Thank the authors for their detailed rebuttal. It addressed most of my concerns. Please incorporate these response during revision. I will keep my initial score.
We are glad to hear that we were able to address your concerns, We will incorporate the response to further improve our final version.
Dear Reviewer ujwE,
As the discussion deadline is approaching, we would like to kindly follow up on our recent rebuttal. We greatly appreciate the valuable feedback provided so far, and we hope that our revisions and responses have addressed your concerns effectively. If there are any remaining questions or points that require further clarification, we would be more than happy to discuss with you. Your guidance would be immensely helpful as we move toward the final decision.

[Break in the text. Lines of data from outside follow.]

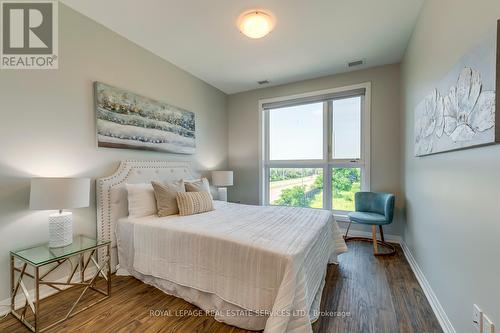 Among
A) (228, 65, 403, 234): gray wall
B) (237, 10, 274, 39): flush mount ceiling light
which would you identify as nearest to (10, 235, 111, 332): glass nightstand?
(237, 10, 274, 39): flush mount ceiling light

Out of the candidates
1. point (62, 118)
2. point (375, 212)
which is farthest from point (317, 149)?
point (62, 118)

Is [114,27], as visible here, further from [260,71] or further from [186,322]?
[186,322]

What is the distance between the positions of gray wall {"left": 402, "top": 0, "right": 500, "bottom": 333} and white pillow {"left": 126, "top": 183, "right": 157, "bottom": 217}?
266cm

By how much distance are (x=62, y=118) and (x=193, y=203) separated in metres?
1.49

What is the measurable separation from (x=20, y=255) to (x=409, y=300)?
318 centimetres

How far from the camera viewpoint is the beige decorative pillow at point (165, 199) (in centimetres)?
237

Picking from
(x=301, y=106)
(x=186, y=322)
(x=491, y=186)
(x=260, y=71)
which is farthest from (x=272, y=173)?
(x=491, y=186)

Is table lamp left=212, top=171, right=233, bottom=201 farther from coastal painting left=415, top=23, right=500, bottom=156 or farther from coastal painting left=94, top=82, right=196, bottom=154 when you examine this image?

Thank you again for your time and consideration.
To reduce the costly-annotation in gloss labeling for sign language recognition, this submission proposes a gloss-free pseudo gloss generation method with a few example text-gloss pairs. The proposed method is very clear and easy to follow, and result is very promising. However, sign language as a low resource language, the result on sign language highly dependences the LLM. The submission received one borderline reject and three borderline accepts before rebuttal. However, after the deeply discussion between authors and reviewers, two reviewers increased their ratings, and this submission received one accept and three borderline accepts. All the reviewers reach a consensus of acceptance. The AC agree with the reviewers and recommend accepting this submission.